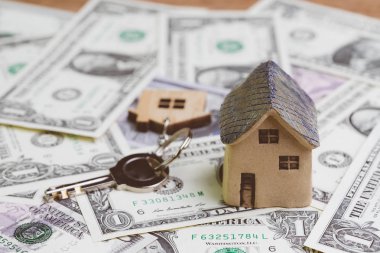 Ev veya ipotek, ev kredisi kavramı, anahtar için para tasarrufu 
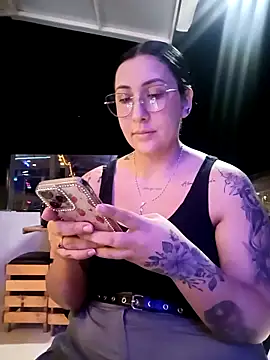 You-kitty2025's cam snapshot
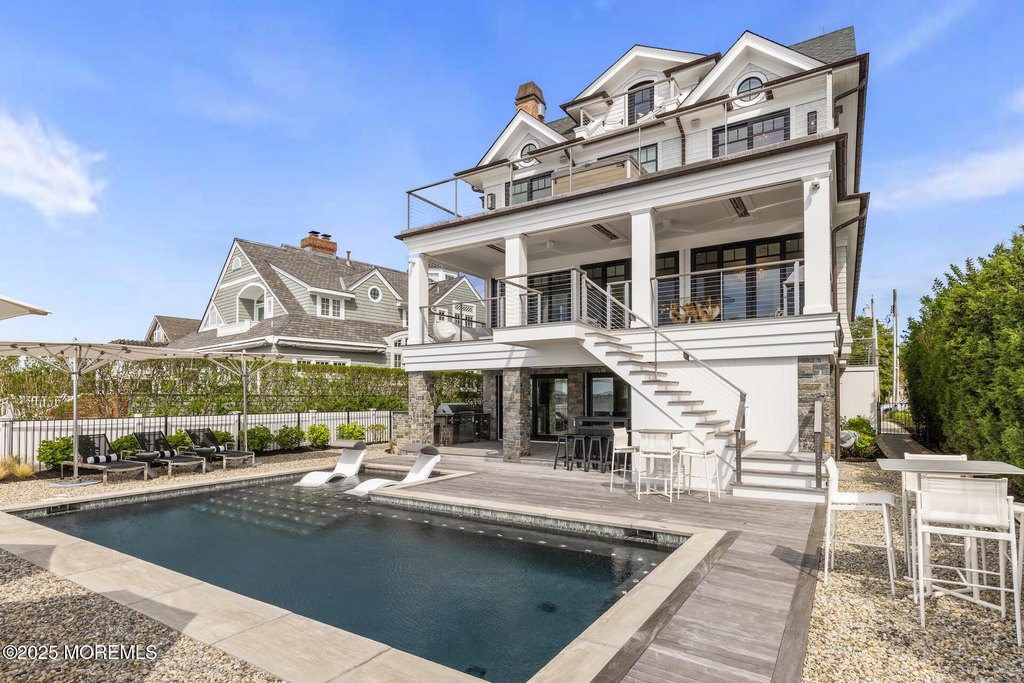 Mantoloking, New Jersey, 08738, United States, 7 Bedrooms Bedrooms, ,6.5 BathroomsBathrooms,Residential,Forsale,1884508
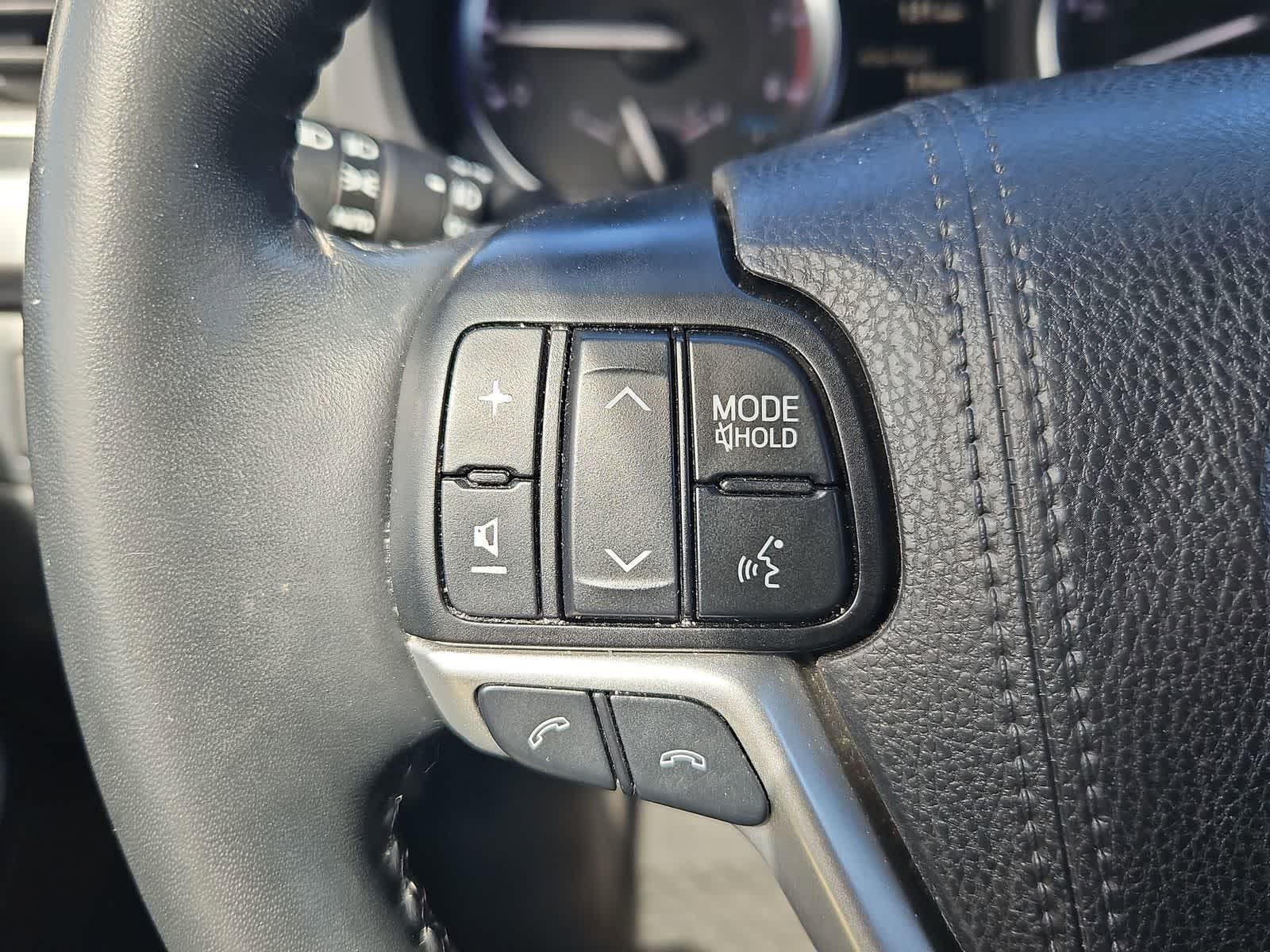 Thumbnail: 2019 Toyota Highlander - 24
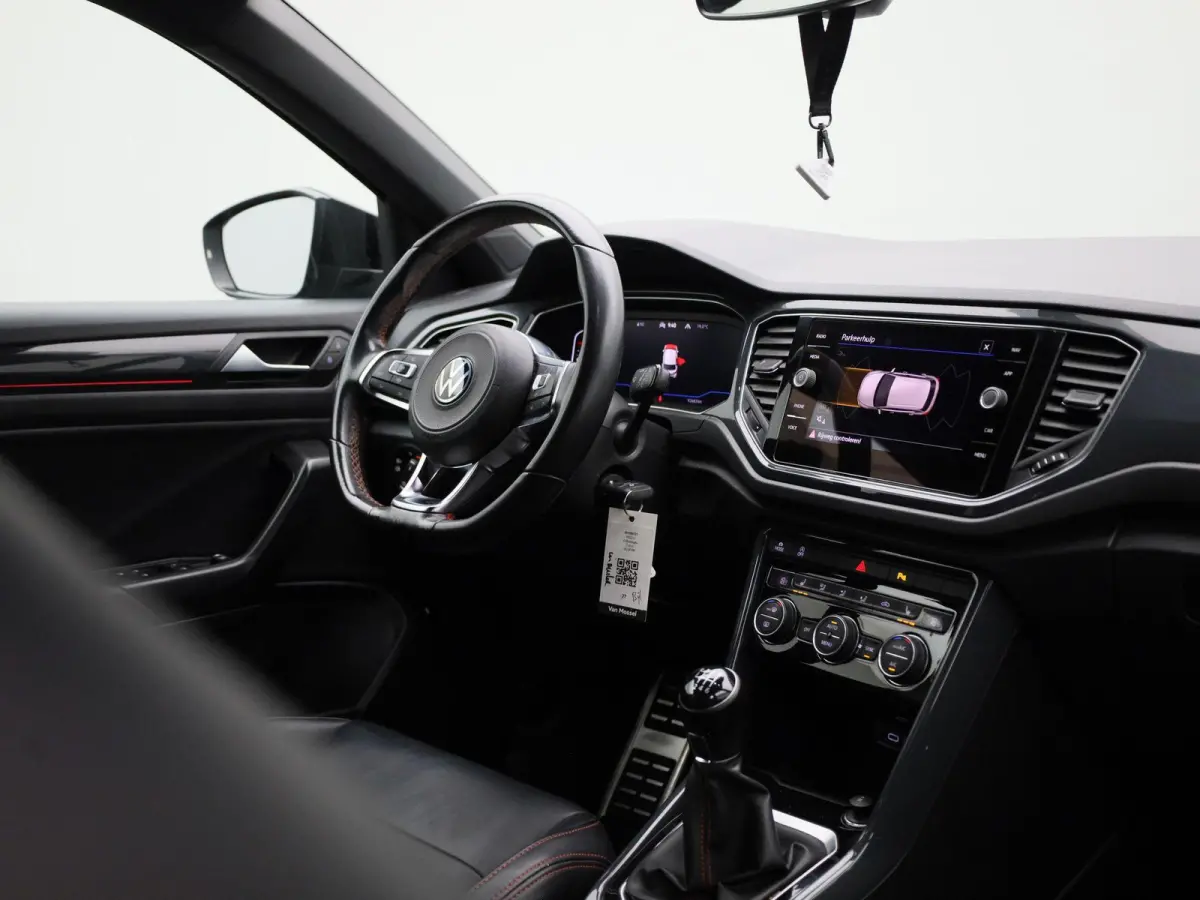 1.5 TSI Sport Business R-Line | Camera | Parkeersensoren | Stoelverwarming | Trekhaak | Lederen Bekleding |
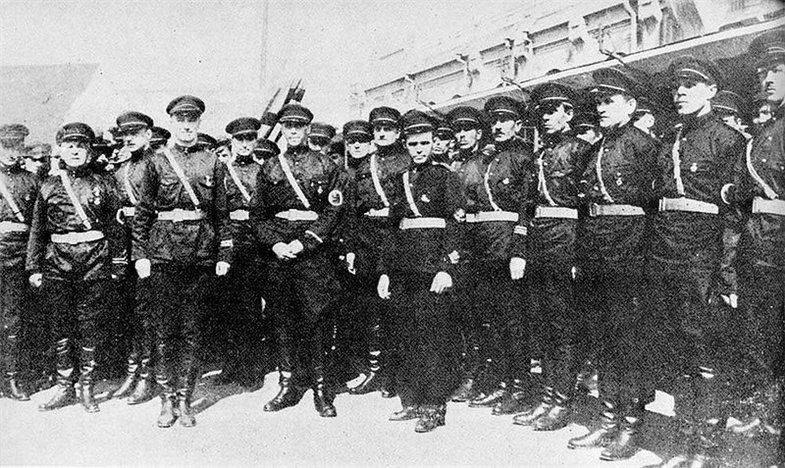 满洲里的俄罗斯法西斯主义者。 移民如何梦想在日本的帮助下摧毁苏联
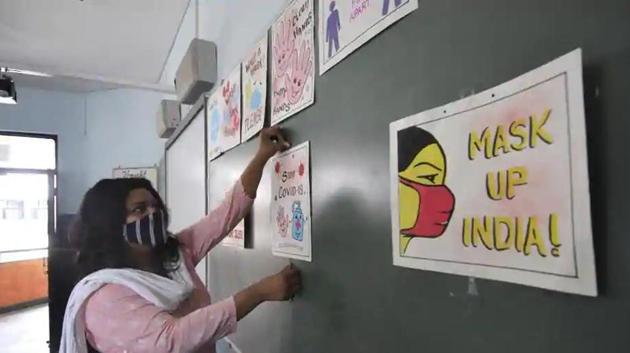 Students may attend school seeking help from their teachers on subjects that they need to but with their parents’ written consent. Teachers, however, will start attending school based on a roster system. (HT PHOTO.) Students may attend school seeking help from their teachers on subjects that they need to but with their parents’ written consent. Teachers, however, will start attending school based on a roster system. (HT PHOTO.)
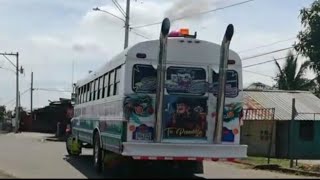 International de los Diablos Rojos cantando turbo Navistar DT360 con Pente en la turbina en Panamá [upl. by Ahsilef]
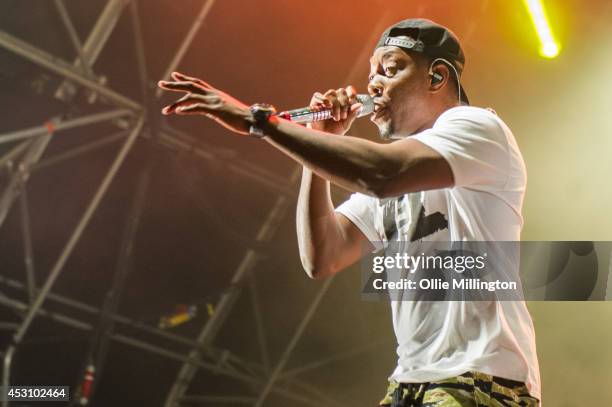 Dizzy Rascal Troxy 107 Mc Dizzee Rascal Stock Photos, High-Res Pictures, and Images ...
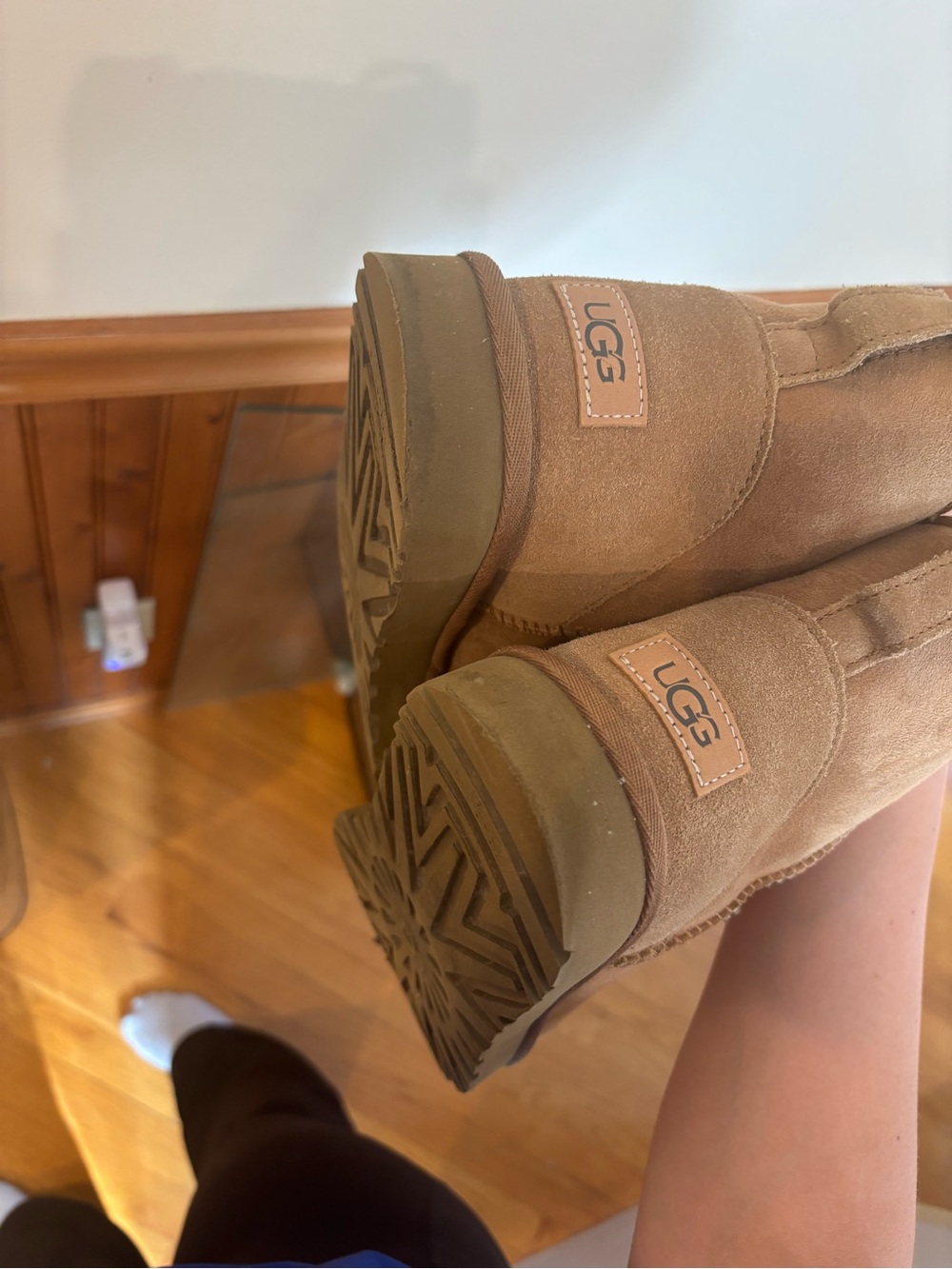 Ugg Classic Chestnut Suede Shearling Short Boots - Picture 4 of 8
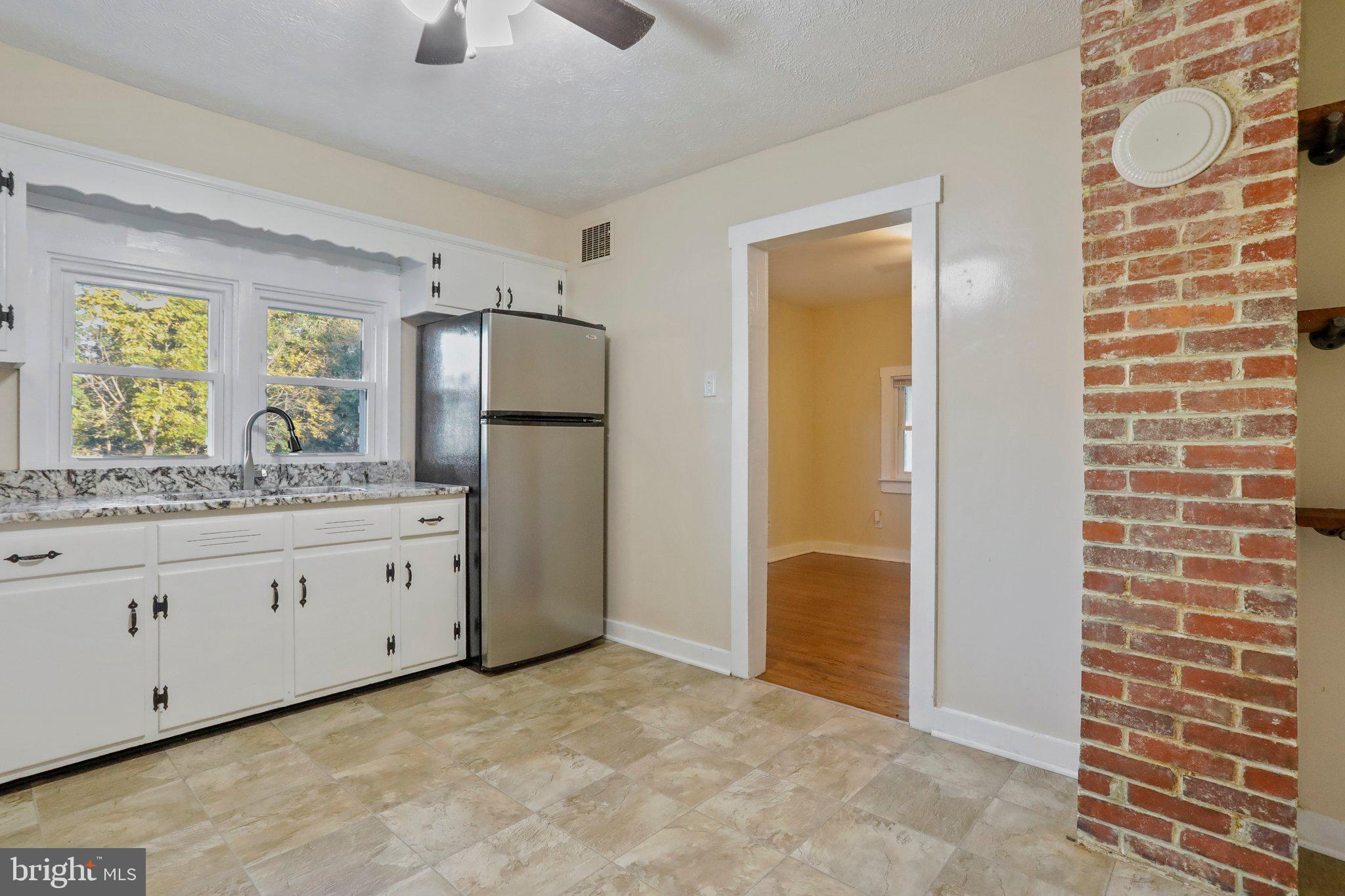 178 Stephenson Road Stephenson, VA 22656 - Photo 4 of 31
□ □ □ □
WHAT YOU NEED TO DO:
Write out exactly, and nothing more than, the lines of the entries above from the line containing "1.5 TSI Sport" through the final line; omit any pictures.

RESPONSE TO THE TASK:
 1.5 TSI Sport Business R-Line | Camera | Parkeersensoren | Stoelverwarming | Trekhaak | Lederen Bekleding |
 满洲里的俄罗斯法西斯主义者。 移民如何梦想在日本的帮助下摧毁苏联
 Students may attend school seeking help from their teachers on subjects that they need to but with their parents’ written consent. Teachers, however, will start attending school based on a roster system. (HT PHOTO.) Students may attend school seeking help from their teachers on subjects that they need to but with their parents’ written consent. Teachers, however, will start attending school based on a roster system. (HT PHOTO.)
 International de los Diablos Rojos cantando turbo Navistar DT360 con Pente en la turbina en Panamá [upl. by Ahsilef]
 Dizzy Rascal Troxy 107 Mc Dizzee Rascal Stock Photos, High-Res Pictures, and Images ...
 Ugg Classic Chestnut Suede Shearling Short Boots - Picture 4 of 8
 178 Stephenson Road Stephenson, VA 22656 - Photo 4 of 31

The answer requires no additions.